Computer Science Canada Word-count |
Author: | Icharus [ Tue Jul 28, 2009 2:27 pm ] |
Post subject: | Word-count |
I read a word-count program in this forum already, but I have a slightly different request. Also, I'd appreciate it if nobody would answer with code or snippets, I'm just looking for pointers in the right direction ![]() I'm wanting to get a word count on a large document. Then, once the count is done, I want to be able to list the number of ocurrences of each word (something like a histogram). Once I have that list, I'd like to be able to output the words that are unique (used only once). At the moment, I'm thinking of using file i/o for inputting and outputting the information, and considering the use of the unix wc tool. I'd like to know of any better ways, or any ideas on how to do the specific counts. I'm pretty new, so I appreciate all pointers, but I'd really appreciate if nobody would just "give" me the code.[/i] |
Author: | Clever Error [ Tue Jul 28, 2009 3:37 pm ] |
Post subject: | RE:Word-count |
I would use a dictionary object that would map each word to a count of the occurrences of it.
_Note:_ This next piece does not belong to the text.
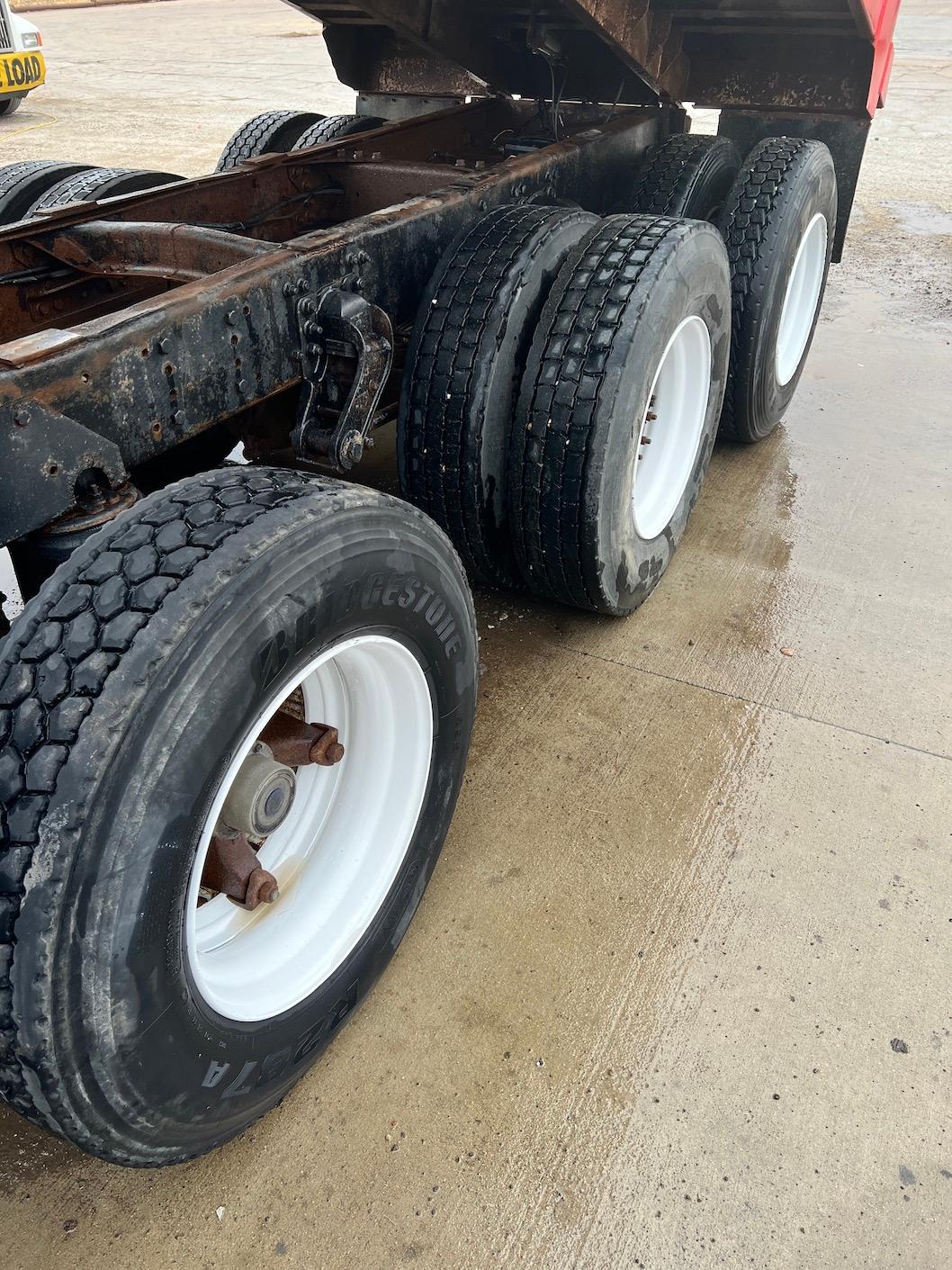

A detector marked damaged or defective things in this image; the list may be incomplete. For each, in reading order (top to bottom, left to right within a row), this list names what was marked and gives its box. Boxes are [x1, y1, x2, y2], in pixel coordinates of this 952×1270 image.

rusty dump bed underside [299, 0, 903, 115]
rusty steel frame [0, 100, 680, 551]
I'm not sure if C has that or if you'll need to make your own. After that you'll just need to read the file one word at a time and increment your word count and add/increment the occurrence count of the word. Hope that helps getting you started. |
Author: | Icharus [ Tue Jul 28, 2009 5:11 pm ] |
Post subject: | Re: Word-count |
Epic help indeed! Thanks for the idea on the dictionary object. Any other ideas or is that really the ideal way to go? |
Author: | md [ Tue Jul 28, 2009 6:24 pm ] |
Post subject: | RE:Word-count |
If the document is really really large you might want to hash the words and use some sort of dynamic structure to track totals. |
Author: | saltpro15 [ Tue Jul 28, 2009 7:29 pm ] |
Post subject: | RE:Word-count |
how large is large? like 2MB? or bigger? |
Author: | DtY [ Tue Jul 28, 2009 9:14 pm ] |
Post subject: | Re: RE:Word-count |
md @ Tue Jul 28, 2009 6:24 pm wrote: If the document is really really large you might want to hash the words and use some sort of dynamic structure to track totals.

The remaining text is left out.